プロローグ

2/4
0人が本棚に入れています
本棚に追加
/8ページ
そんな日々が続き、この町から離れて引っ越す日が迫り、気が付けばもう引っ越す前日になっていた。憂鬱な顔で学校に行き、教室のドアを開けると、あまりの変わりように驚いた。いつも勉強に使っている机は中央に並べられ、綺麗な白い布が敷かれており、お菓子やジュースがいっぱい並べられている。壁や窓には折り紙で華やかに飾られ、黒板の少し上にはピンクの厚紙に『はるちゃんとのお別れ会』と書かれて張られていた。さらに黒板には何色ものチョークで『はるちゃんが遠くの学校に行っても四年二組の皆はずっとはるちゃんの友達だよ』と書かれていた。
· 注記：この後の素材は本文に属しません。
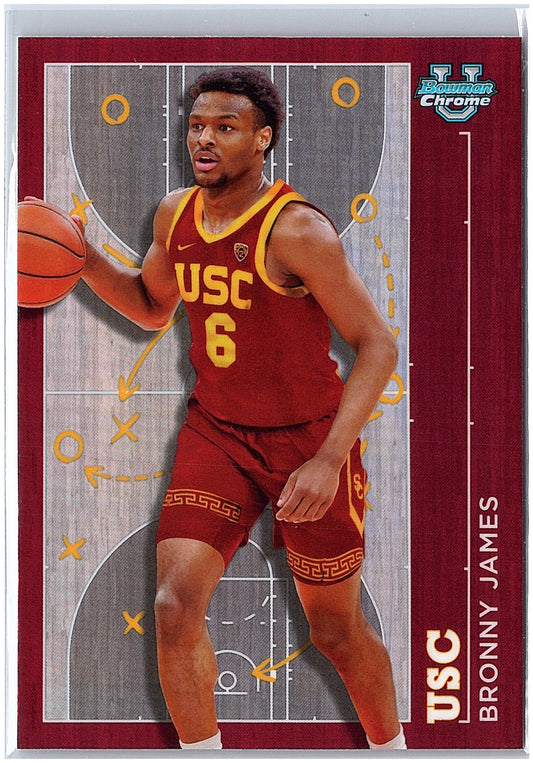 2023-24 Bowman University Chrome #PP-1 Bronny James Prodigal Playmakers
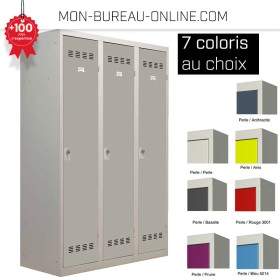 Armoire métallique anthracite brico (hauteur 180 cm)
そして皆が温かい拍手で春流を、可愛く飾られたいつもと違う教室に迎え入れてくれた。 春流は思わず涙を流した。毎日流していた冷たい涙ではなく、温かい涙だった。これ程大事に思ってくれている友達の前で涙で濡れた顔は見せたくなかったので、俯いて涙を拭き笑顔で皆のもとへ駆け寄った。 クラス皆からのプレゼントとして、綺麗な小さい花束と、皆が書いてくれた寄せ書き、そして春流の為だけに作られた卒業証書と卒業アルバム。さらにはクラスの一人一人がプレゼントを用意されていて、それと一緒に別れの言葉を受け取った。 それが終わるとパーティが始まり、皆お菓子とジュースに夢中になり始めた。春流も最初は中に入っていたが、何となくそこから出て教室の隅の方に座った。そしてさっき貰ったアルバムを開いた。中には遠足や音楽会、運動会など皆との想い出の写真や皆が描いた絵、それに担任の先生、さらに今までの担任の先生のメッセージが添えられていた。 こんなに良い先生、大切な友達、毎日楽しく通った学校、この全てと別れないといけないと実感すると同時に、再び涙が溢れ出した。 「転校なんて……したくないよ」     
/8ページ

最初のコメントを投稿しよう!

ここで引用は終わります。